Глава одиннадцатая. Как всё рухнуло
В 1985 году мы опять были в Гомеле, поскольку в Москве проводился Международный фестиваль Молодежи и студентов. Всем родителям было настоятельно рекомендовано увезти детей подальше от столицы. Нам тоже очень хотелось посмотреть на иностранцев, но нас отправили на дачу к бабушке, где нужно было собирать колорадских жуков с картошки. Почему колорадских? Из штата Колорадо в США, завезенные диверсантами. Поэтому всё знакомство с иностранцами было только по телевизору и через заморских жуков. В то время иностранные туристы были в диковинку, и к ним относились восторженно дружелюбно. Хотелось дать им самое лучшее блюдо, показать самые красивые места, подарить самые особенные подарки. В нашу московскую школу, специализирующуюся на изучении английского языка, периодически приезжали делегации интуристов, они посещали наши уроки, проходили по рядам и раздавали жвачки. Мы коллекционировали фантики и вкладыши, играли на перевернется-не перевернется, забирая себе перевернувшиеся, создавали коллекции. Вообще и впрямь «нас так долго учили любить твои запретные плоды» (песня Наутилуса об Америке). Мы даже говорили на английском с иностранцами и преодолевали языковой барьер. Я так завидовала тем одноклассникам, которые остались в Москве и могли пожать руку иностранцу. Вероятно, мой внутренний протест отразился на всей поездке, и впервые Гомель мне не понравился. Тогда мне шел десятый год.
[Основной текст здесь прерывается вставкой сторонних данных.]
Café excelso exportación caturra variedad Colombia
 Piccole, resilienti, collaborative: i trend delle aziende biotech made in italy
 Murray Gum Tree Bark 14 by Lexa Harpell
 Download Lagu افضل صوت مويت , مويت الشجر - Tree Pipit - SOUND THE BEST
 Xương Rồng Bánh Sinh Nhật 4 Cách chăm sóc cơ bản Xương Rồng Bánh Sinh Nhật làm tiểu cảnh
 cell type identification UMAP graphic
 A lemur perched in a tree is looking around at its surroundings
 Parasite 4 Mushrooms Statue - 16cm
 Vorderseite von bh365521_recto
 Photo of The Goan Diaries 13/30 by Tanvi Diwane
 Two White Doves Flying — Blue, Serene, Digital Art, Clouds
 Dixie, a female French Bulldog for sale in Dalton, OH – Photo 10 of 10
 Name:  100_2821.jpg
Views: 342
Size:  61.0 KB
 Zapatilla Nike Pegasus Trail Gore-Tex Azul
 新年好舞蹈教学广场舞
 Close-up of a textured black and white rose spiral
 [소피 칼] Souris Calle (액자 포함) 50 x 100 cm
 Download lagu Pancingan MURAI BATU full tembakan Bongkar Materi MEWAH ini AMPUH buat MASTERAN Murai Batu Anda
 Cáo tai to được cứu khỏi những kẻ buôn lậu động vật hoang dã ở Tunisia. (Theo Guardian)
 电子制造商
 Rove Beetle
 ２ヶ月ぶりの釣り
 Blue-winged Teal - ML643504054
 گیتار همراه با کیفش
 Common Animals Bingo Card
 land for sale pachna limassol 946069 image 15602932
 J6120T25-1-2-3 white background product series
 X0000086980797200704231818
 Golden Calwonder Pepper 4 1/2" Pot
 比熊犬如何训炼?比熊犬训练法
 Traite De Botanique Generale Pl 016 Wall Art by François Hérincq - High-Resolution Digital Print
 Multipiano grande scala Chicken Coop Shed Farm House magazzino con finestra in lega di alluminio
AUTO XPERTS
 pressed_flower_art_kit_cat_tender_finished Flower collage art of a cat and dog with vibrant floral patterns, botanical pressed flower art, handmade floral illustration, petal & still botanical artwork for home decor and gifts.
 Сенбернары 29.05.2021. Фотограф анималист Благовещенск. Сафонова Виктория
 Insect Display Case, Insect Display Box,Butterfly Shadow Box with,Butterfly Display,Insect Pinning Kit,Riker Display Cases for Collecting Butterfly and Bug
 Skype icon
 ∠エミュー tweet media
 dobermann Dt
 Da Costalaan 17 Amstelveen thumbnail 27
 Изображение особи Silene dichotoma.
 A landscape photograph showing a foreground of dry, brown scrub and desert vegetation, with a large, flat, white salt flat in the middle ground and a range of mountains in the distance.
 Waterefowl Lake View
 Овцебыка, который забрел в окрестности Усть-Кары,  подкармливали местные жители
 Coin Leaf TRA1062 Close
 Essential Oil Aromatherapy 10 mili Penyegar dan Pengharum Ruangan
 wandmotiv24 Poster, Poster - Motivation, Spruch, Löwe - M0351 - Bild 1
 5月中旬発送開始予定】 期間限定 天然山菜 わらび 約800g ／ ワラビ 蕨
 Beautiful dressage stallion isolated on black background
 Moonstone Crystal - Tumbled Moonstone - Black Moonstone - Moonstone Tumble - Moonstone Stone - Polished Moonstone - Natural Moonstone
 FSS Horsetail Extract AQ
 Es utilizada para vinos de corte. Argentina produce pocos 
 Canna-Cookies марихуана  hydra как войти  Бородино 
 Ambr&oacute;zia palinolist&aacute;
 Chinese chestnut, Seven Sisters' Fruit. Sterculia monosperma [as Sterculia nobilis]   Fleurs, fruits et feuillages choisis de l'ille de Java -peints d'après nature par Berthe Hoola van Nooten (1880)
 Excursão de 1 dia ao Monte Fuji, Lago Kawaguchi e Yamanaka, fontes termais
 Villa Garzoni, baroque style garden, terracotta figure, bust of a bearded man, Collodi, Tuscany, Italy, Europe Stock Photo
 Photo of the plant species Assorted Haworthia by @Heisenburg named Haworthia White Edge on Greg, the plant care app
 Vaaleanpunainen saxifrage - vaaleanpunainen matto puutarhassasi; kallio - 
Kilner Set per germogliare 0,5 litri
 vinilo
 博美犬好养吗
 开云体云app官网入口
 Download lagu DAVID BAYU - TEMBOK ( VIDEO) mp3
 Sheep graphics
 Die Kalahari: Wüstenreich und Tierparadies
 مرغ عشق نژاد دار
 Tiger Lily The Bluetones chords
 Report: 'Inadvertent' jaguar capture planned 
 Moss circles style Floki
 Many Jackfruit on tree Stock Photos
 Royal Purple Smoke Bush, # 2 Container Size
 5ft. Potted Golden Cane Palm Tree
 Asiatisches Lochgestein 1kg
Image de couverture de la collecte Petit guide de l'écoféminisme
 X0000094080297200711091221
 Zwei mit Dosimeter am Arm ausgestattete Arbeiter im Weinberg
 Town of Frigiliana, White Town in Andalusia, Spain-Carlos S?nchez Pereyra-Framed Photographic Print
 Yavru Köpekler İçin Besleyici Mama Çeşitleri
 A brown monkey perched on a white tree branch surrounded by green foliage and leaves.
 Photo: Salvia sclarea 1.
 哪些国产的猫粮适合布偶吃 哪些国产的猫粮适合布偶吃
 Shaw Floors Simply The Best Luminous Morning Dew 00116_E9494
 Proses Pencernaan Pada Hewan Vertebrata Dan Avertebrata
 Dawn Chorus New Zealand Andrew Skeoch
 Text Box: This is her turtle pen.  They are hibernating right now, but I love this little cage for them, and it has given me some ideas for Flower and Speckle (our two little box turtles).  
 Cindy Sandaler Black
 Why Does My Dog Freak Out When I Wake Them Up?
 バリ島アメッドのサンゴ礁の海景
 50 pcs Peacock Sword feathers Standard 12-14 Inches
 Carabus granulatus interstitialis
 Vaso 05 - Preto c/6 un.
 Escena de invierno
А на следующий год 26 апреля произошла Чернобыльская авария. Радиационные тучи полетели на Беларусь, и Гомель оказался тоже в числе зараженных областей. Многие соседи бабушкиного дома и другие гомельчане, отыскав у себя еврейские корни, оставили квартиры, дачи и всё нажитое и переехали в землю обетованную. Те, кто остался, прикупили счетчики радиации, и мерили всё вокруг – радиацию на продаваемой на рынке чернике, радиацию на дачном участке. Особенно зашкаливало на грибах, которые под действием облучения, росли до колоссальных размеров. Больше никто не собирал клубнику и не варил варений, весь жизненный уклад горожан перевернулся с ног на голову. Собираясь, они рассказывали про двухголовую курицу, про зону отчуждения, про погибших при тушении пожара героях со всего Советского Союза. Отголоски всех этих рассказов долетали по телефонному проводу и до нас в Москву, вызывая настороженность к гомельским подаркам и заготовкам. Бабушка больше не могла нам прислать никакого незапятнанного гостинца, а мы с язвительность подростков называли всё гомельское «радиационным».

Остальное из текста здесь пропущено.